## DATA UNDER STUDY
-----
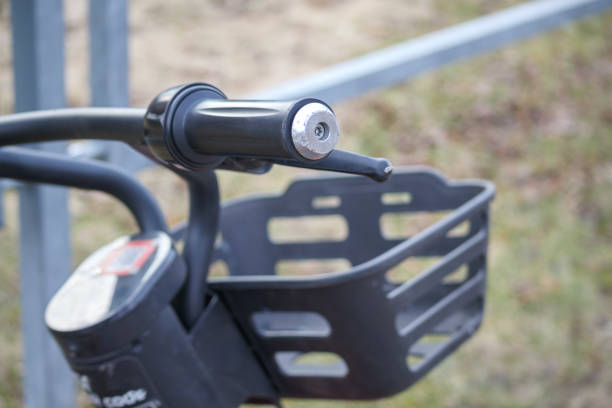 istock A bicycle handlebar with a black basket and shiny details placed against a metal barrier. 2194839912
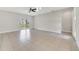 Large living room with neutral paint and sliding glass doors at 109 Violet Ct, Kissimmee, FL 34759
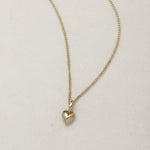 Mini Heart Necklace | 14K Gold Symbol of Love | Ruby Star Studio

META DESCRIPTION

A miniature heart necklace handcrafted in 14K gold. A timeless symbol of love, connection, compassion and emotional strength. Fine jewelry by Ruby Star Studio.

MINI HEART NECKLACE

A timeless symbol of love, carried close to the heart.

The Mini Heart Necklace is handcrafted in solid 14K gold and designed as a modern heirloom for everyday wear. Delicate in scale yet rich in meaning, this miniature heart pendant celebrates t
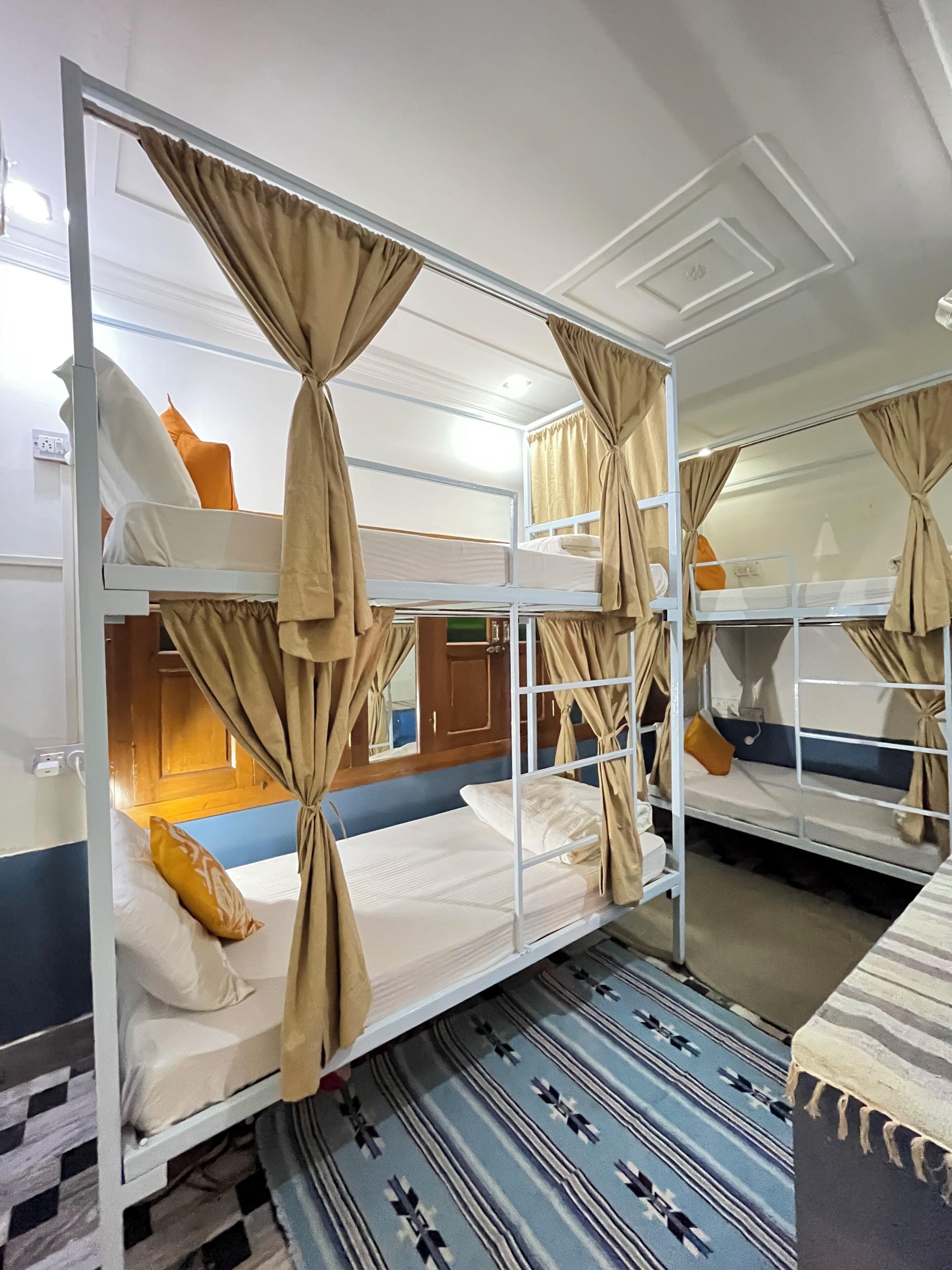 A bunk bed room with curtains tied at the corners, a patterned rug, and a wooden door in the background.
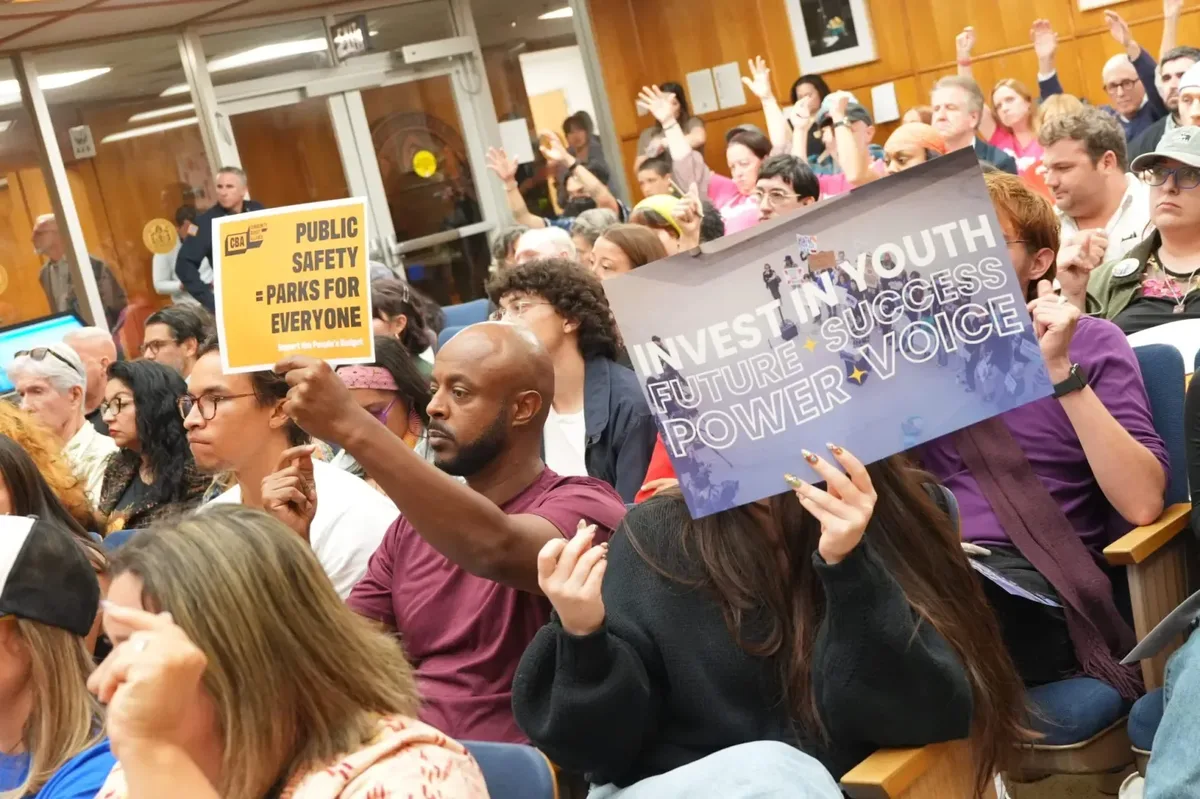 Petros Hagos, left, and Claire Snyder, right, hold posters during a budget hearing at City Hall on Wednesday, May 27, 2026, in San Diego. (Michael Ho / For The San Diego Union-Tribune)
-----
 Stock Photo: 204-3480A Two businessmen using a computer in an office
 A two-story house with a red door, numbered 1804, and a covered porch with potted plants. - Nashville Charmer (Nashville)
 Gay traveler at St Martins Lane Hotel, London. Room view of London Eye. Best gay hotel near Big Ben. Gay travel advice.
-----
The copy should hold exactly the lines above from the one with "Large living room" through the one with "META DESCRIPTION", both ends counted, and no pictures at all.

## RESULT
 Large living room with neutral paint and sliding glass doors at 109 Violet Ct, Kissimmee, FL 34759
 Mini Heart Necklace | 14K Gold Symbol of Love | Ruby Star Studio

META DESCRIPTION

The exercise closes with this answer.